The Simon Wiesenthal Center’s Annual Status Report on the worldwide investigation and prosecution of Nazi war criminals has singled out Romania for special criticism for its failure to take practical measures to investigate Nazi war criminals and its refusal to cancel the pardons issued to convicted Romanian Holocaust perpetrators Gheorghe Petrescu and Radu Dinelescu.

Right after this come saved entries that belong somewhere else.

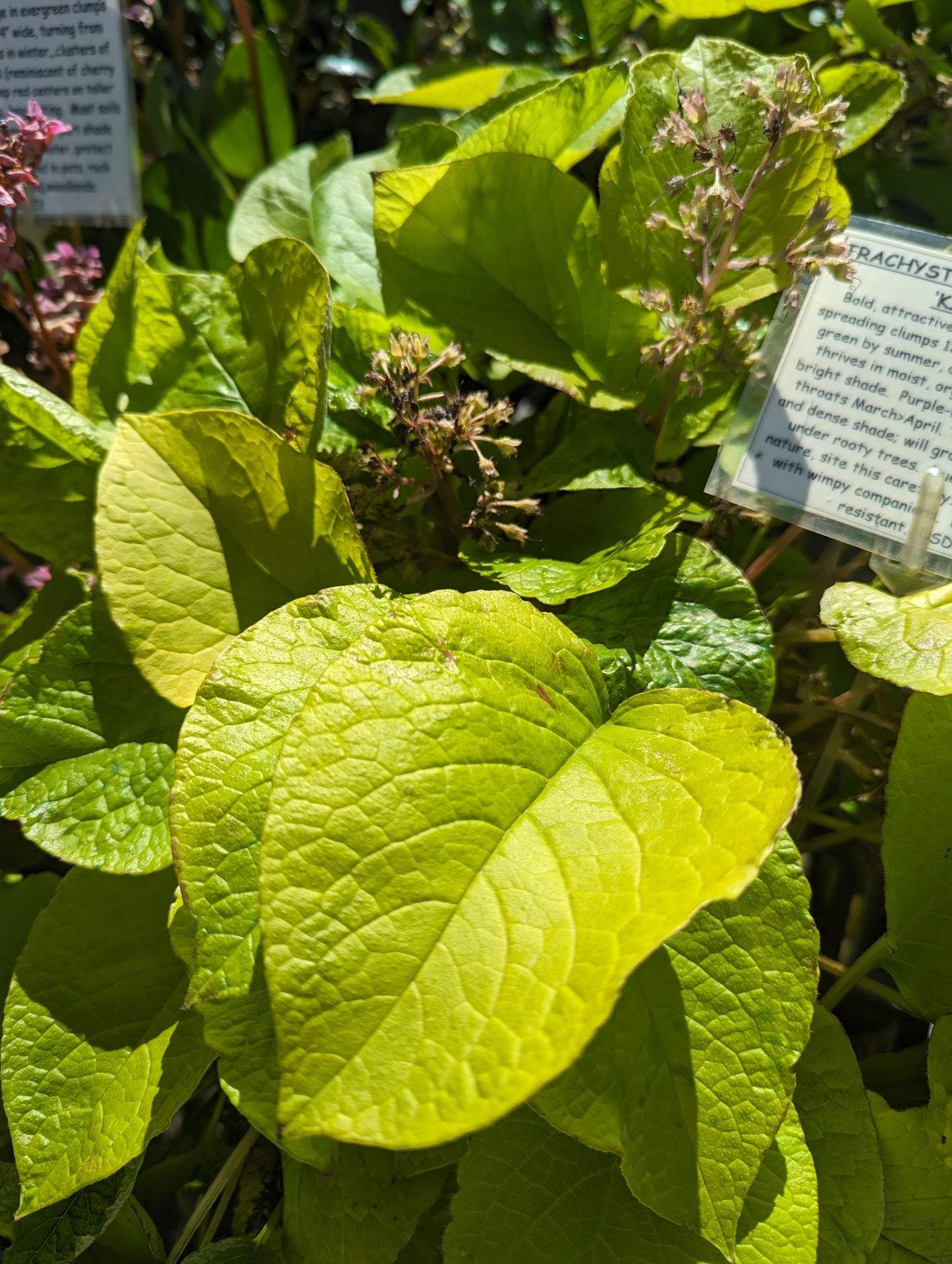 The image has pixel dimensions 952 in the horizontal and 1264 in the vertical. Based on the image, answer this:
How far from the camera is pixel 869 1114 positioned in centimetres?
67

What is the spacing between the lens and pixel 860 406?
2.41ft

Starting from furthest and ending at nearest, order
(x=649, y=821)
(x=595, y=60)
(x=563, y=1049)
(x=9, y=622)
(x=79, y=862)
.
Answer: (x=595, y=60) → (x=9, y=622) → (x=79, y=862) → (x=649, y=821) → (x=563, y=1049)

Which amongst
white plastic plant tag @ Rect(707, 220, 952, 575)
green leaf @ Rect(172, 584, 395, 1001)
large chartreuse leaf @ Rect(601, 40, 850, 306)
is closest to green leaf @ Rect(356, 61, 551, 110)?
large chartreuse leaf @ Rect(601, 40, 850, 306)

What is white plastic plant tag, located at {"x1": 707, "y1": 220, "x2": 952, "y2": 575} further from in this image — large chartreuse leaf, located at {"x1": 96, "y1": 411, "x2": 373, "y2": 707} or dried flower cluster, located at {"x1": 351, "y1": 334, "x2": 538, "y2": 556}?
large chartreuse leaf, located at {"x1": 96, "y1": 411, "x2": 373, "y2": 707}

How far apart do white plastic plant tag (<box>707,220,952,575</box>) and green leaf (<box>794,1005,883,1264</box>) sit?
1.23 feet

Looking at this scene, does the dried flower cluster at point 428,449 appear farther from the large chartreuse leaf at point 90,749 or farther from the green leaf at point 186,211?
the green leaf at point 186,211

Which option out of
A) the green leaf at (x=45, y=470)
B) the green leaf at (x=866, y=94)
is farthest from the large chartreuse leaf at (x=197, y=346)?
the green leaf at (x=866, y=94)

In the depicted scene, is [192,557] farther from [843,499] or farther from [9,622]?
[843,499]

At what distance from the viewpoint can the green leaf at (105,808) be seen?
25.9 inches

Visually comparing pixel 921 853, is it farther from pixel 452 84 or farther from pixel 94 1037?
pixel 452 84

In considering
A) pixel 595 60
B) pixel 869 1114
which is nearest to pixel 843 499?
pixel 869 1114

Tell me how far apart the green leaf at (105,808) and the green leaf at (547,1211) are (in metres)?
0.31

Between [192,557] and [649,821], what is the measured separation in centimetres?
37

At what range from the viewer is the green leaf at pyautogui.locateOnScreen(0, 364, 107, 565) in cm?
81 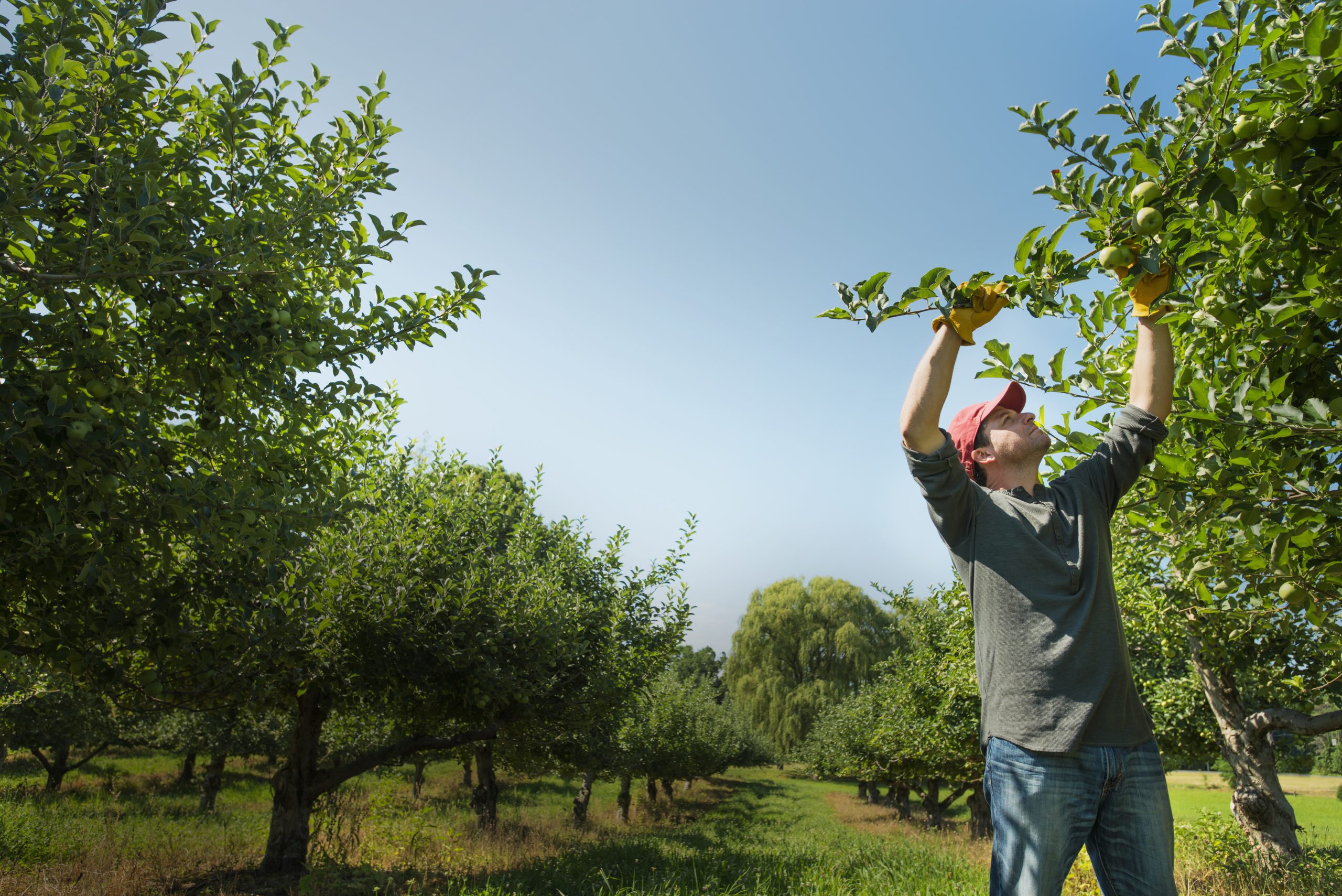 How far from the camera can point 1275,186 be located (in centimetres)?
173

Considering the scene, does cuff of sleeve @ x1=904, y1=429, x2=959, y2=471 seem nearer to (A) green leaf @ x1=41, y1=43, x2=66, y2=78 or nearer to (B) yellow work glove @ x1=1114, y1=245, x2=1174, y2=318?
(B) yellow work glove @ x1=1114, y1=245, x2=1174, y2=318

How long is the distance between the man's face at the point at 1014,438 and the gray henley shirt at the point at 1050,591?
14cm

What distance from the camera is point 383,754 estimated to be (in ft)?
27.8

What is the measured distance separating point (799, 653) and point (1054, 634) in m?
32.9

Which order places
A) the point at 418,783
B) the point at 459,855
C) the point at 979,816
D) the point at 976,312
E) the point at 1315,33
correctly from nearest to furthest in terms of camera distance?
the point at 1315,33
the point at 976,312
the point at 459,855
the point at 979,816
the point at 418,783

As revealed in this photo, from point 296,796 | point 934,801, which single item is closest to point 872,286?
point 296,796

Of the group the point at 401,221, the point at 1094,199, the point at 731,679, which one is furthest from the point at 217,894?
the point at 731,679

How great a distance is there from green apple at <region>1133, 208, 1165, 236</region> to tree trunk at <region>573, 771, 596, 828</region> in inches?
768

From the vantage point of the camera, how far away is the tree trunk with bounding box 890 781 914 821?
25.2 metres

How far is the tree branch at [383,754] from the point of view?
329 inches

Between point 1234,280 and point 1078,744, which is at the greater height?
point 1234,280

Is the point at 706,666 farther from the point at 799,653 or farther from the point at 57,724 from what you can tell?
the point at 57,724

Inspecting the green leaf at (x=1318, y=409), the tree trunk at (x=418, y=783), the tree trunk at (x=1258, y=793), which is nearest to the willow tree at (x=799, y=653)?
the tree trunk at (x=418, y=783)

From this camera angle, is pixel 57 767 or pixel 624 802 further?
pixel 624 802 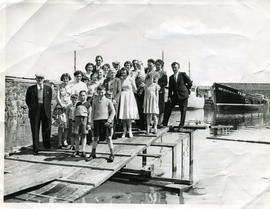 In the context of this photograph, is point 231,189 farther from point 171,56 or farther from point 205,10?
point 205,10

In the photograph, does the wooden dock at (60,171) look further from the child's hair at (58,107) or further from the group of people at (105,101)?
the child's hair at (58,107)

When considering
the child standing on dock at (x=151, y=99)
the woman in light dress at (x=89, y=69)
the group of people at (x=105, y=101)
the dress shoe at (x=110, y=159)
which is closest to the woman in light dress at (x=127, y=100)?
the group of people at (x=105, y=101)

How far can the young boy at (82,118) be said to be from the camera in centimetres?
244

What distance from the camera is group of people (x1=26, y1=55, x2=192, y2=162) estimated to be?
2.38 meters

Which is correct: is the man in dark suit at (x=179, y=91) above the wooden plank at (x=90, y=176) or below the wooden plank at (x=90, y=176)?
above

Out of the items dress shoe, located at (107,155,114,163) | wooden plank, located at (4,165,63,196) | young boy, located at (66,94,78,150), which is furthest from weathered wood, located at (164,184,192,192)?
wooden plank, located at (4,165,63,196)

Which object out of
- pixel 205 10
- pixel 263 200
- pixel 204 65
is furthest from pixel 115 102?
pixel 263 200

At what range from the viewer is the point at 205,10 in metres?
2.19

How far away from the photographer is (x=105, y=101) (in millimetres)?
2348

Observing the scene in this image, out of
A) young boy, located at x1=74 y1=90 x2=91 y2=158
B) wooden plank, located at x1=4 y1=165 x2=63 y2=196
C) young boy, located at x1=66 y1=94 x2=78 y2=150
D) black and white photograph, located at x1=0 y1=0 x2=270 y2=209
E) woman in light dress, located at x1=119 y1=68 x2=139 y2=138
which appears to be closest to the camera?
wooden plank, located at x1=4 y1=165 x2=63 y2=196

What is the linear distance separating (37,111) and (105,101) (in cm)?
49

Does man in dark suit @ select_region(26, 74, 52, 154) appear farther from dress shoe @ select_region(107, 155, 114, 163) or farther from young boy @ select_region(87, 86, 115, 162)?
dress shoe @ select_region(107, 155, 114, 163)

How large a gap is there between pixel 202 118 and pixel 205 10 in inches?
55.5

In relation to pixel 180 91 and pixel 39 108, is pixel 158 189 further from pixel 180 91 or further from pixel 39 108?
pixel 39 108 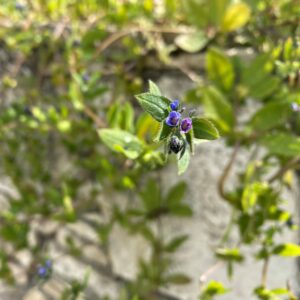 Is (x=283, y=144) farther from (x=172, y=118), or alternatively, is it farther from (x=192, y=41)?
(x=172, y=118)

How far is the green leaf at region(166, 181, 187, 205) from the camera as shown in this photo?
3.80ft

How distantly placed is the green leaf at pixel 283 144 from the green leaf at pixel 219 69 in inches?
6.7

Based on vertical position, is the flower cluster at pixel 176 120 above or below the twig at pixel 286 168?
below

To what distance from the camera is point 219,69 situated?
3.34 feet

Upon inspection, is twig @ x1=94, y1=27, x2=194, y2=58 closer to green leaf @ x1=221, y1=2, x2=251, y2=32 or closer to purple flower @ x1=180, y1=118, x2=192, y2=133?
green leaf @ x1=221, y1=2, x2=251, y2=32

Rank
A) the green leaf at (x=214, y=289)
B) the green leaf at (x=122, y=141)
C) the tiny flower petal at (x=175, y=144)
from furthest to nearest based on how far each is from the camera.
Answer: the green leaf at (x=214, y=289)
the green leaf at (x=122, y=141)
the tiny flower petal at (x=175, y=144)

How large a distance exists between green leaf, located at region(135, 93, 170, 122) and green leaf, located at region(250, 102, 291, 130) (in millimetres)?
499

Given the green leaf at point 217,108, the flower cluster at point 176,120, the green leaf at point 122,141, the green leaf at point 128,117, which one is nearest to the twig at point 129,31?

In a statement issued today in Jerusalem by the Center’s chief Nazi-hunter Dr. Efraim Zuroff, who is the author of the report, the Center clarified that it was extremely distressed by the total lack of initiative exhibited by the Romanian judicial authorities in bringing local Nazi war criminals to justice and was particularly disappointed by the refusal of the same authorities to accede to the Wiesenthal Center’s appeal-submitted in early January 2004 to Attorney-General Dr.Ilie Botos-to cancel the pardons granted several years previously to convicted Nazi war criminals Colonel Gheorghe Petrescu and Colonel Radu Dinulescu.
According to Zuroff:
“Ever since democracy was restored in Romania, there has not been a single initiative to investigate, let alone prosecute, any of the numerous unprosecuted Romanians who actively participated in the crimes of the Holocaust. On the contrary, war criminals like Petrescu and Dinulescu who had been justifiably convicted for the critical role they played in the mass murder of Jews in Bessarabia and Bukovina during the summer and fall of 1941, were inexplicably granted pardons, which the government has refused to cancel. This lack of initiative to bring those guilty of Holocaust crimes to justice is of particular concern, as the Wiesenthal Center prepares to submit the names of the suspected Romanian criminals which it has obtained in the framework of “Operation: Last Chance,” to the pertinent Romanian authorities with a call for their immediate investigation and, if possible, legal action.”